BEGIN Input material
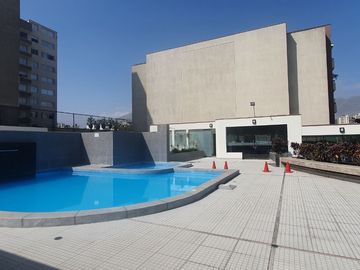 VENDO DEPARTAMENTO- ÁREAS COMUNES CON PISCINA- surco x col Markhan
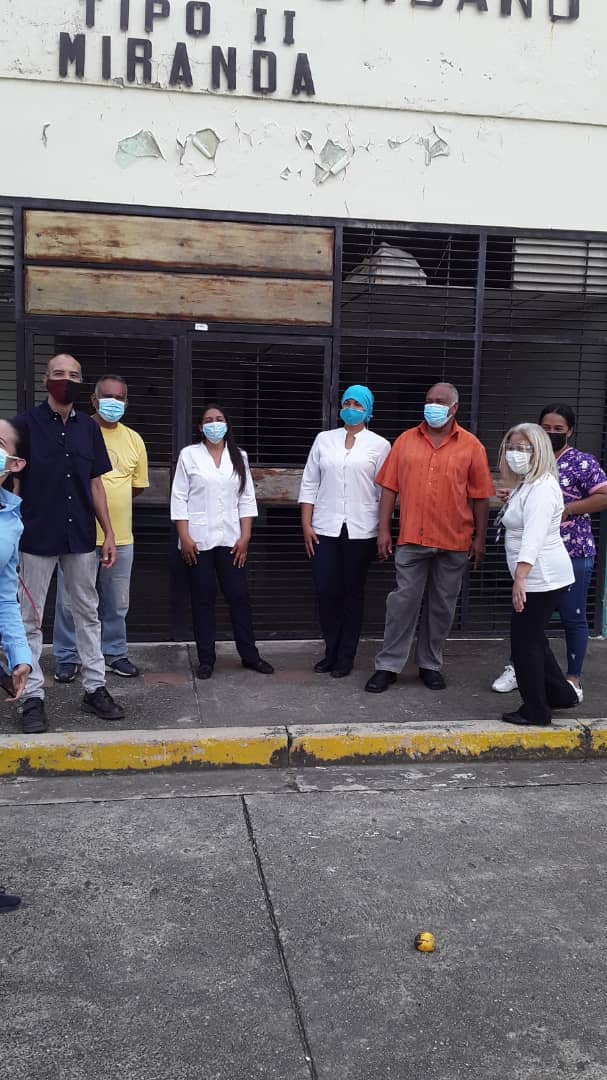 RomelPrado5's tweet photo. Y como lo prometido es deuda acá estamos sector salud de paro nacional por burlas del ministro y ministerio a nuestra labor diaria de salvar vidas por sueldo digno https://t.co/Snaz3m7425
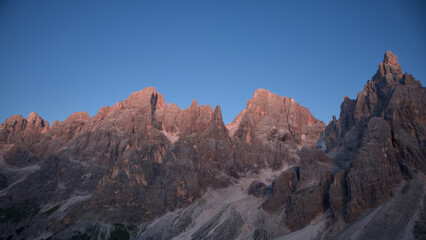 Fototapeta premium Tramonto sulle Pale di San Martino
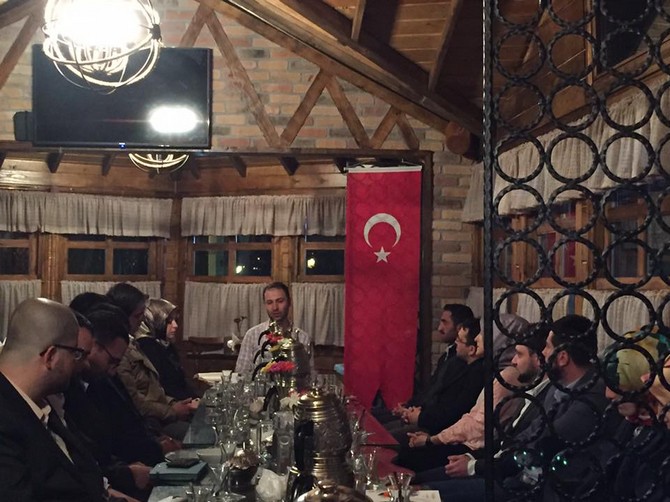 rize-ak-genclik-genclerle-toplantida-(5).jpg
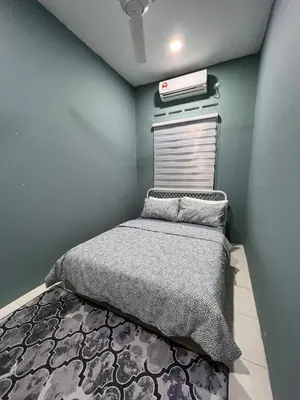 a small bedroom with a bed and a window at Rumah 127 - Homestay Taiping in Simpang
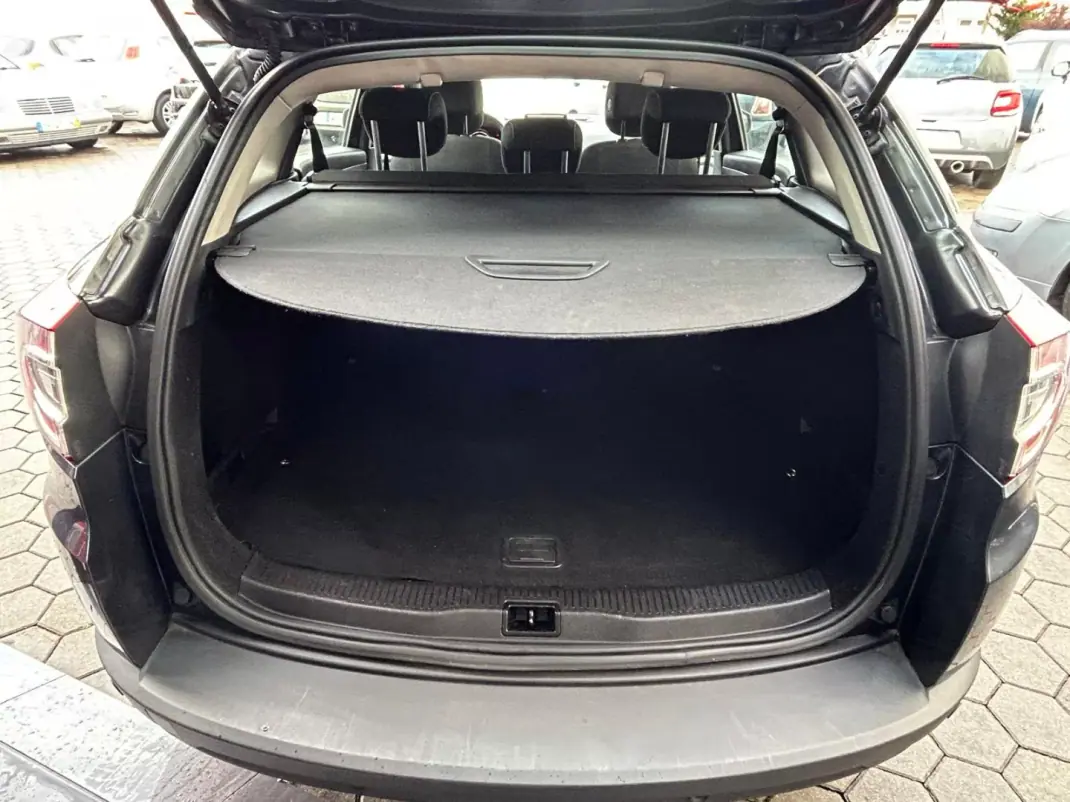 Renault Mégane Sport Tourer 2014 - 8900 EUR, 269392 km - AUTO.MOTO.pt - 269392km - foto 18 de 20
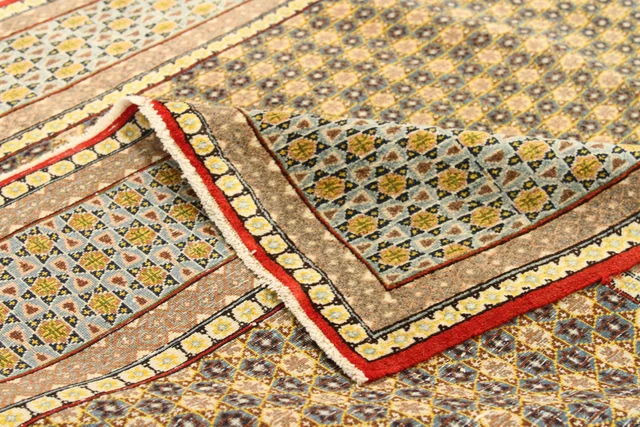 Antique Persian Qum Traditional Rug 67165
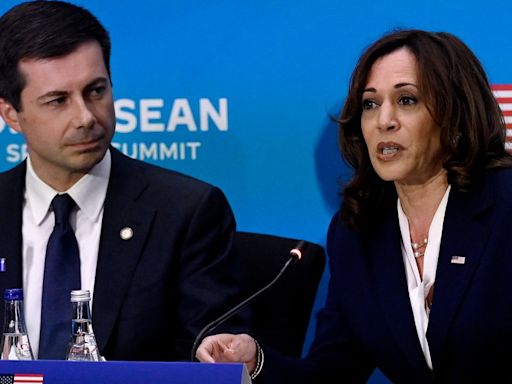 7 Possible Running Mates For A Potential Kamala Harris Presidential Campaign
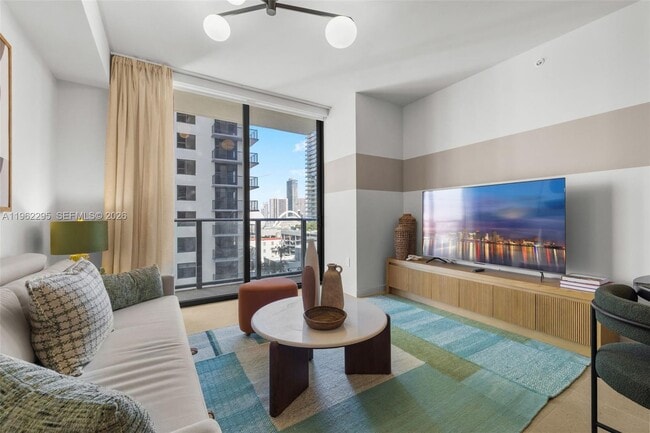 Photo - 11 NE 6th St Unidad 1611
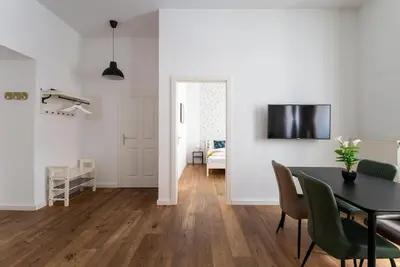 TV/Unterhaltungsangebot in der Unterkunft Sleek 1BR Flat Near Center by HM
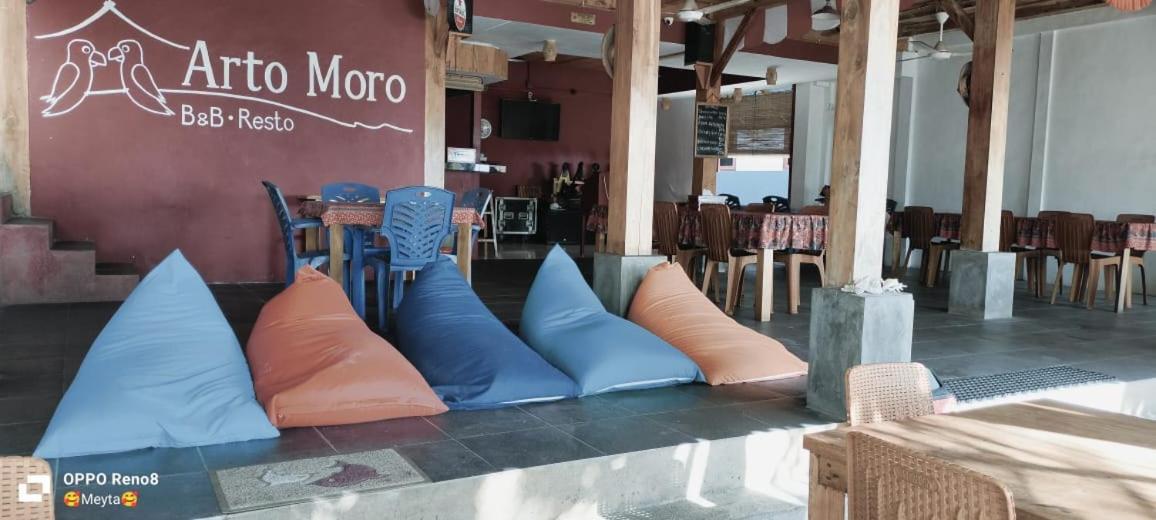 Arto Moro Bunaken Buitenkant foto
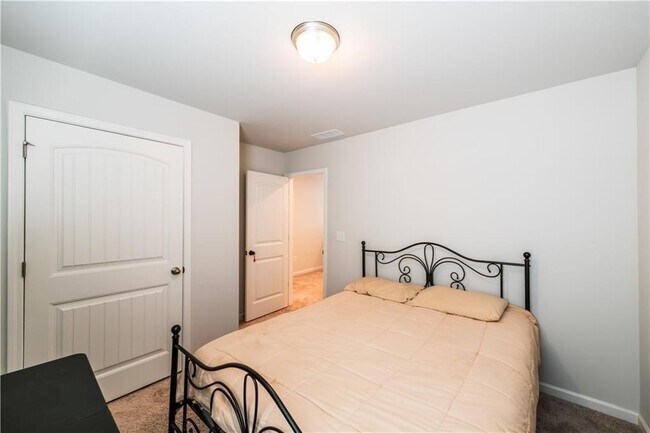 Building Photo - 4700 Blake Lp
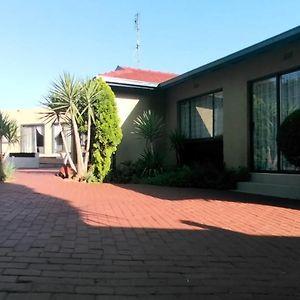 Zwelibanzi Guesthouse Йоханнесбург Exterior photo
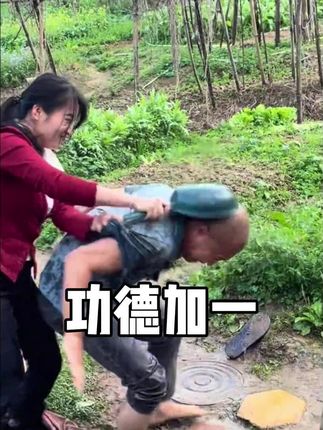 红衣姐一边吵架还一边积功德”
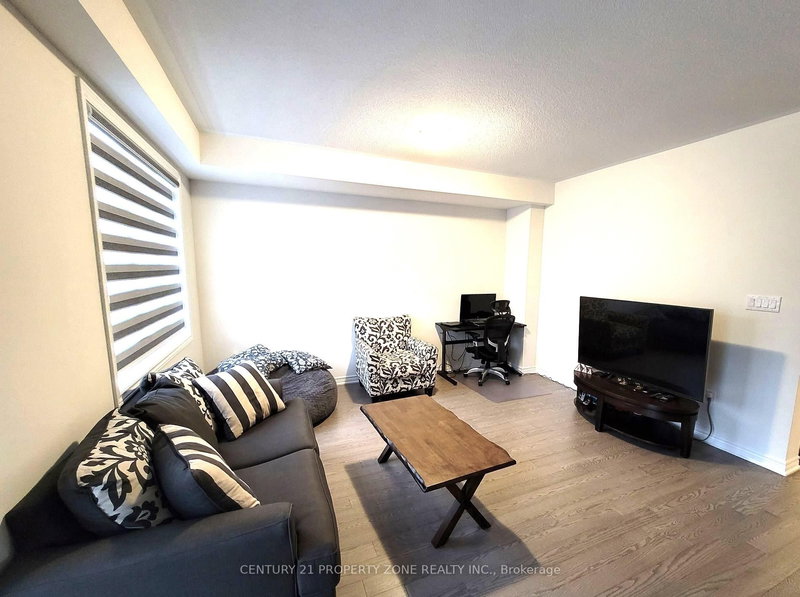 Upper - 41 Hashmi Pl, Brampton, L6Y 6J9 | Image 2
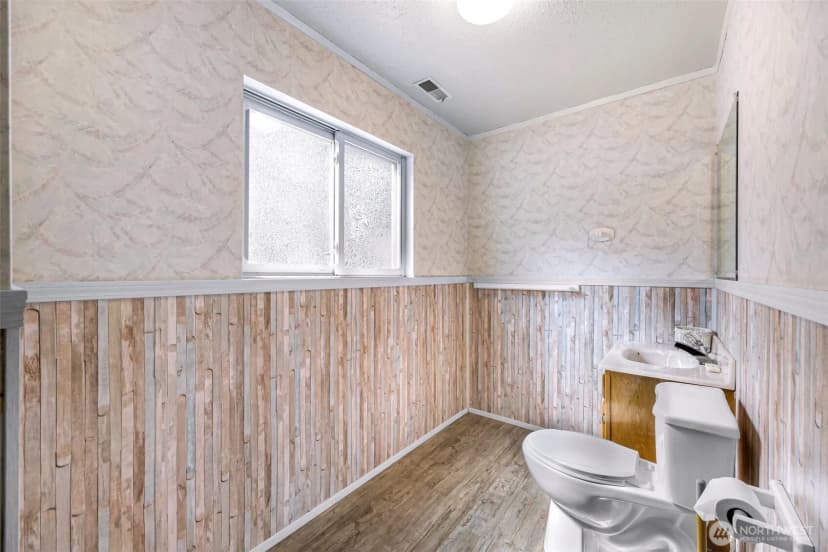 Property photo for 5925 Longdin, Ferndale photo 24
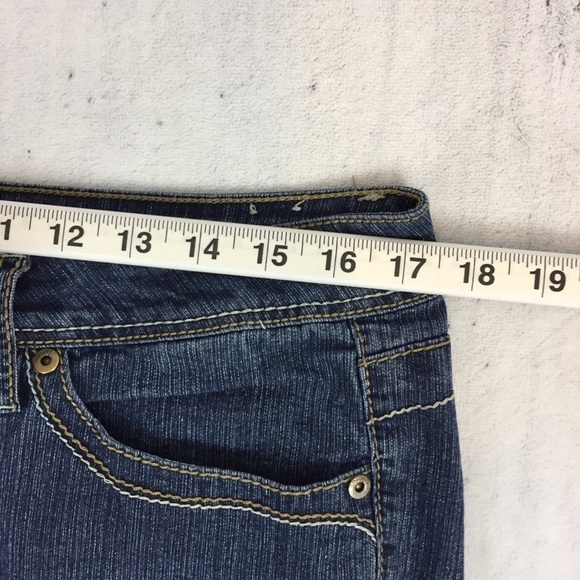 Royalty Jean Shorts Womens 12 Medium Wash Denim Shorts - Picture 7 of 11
END Input material
> Activity
All of the data needs repeating exactly, but the pictures do not.

> Reply
 VENDO DEPARTAMENTO- ÁREAS COMUNES CON PISCINA- surco x col Markhan
 RomelPrado5's tweet photo. Y como lo prometido es deuda acá estamos sector salud de paro nacional por burlas del ministro y ministerio a nuestra labor diaria de salvar vidas por sueldo digno https://t.co/Snaz3m7425
 Fototapeta premium Tramonto sulle Pale di San Martino
 rize-ak-genclik-genclerle-toplantida-(5).jpg
 a small bedroom with a bed and a window at Rumah 127 - Homestay Taiping in Simpang
 Renault Mégane Sport Tourer 2014 - 8900 EUR, 269392 km - AUTO.MOTO.pt - 269392km - foto 18 de 20
 Antique Persian Qum Traditional Rug 67165
 7 Possible Running Mates For A Potential Kamala Harris Presidential Campaign
 Photo - 11 NE 6th St Unidad 1611
 TV/Unterhaltungsangebot in der Unterkunft Sleek 1BR Flat Near Center by HM
 Arto Moro Bunaken Buitenkant foto
 Building Photo - 4700 Blake Lp
 Zwelibanzi Guesthouse Йоханнесбург Exterior photo
 红衣姐一边吵架还一边积功德”
 Upper - 41 Hashmi Pl, Brampton, L6Y 6J9 | Image 2
 Property photo for 5925 Longdin, Ferndale photo 24
 Royalty Jean Shorts Womens 12 Medium Wash Denim Shorts - Picture 7 of 11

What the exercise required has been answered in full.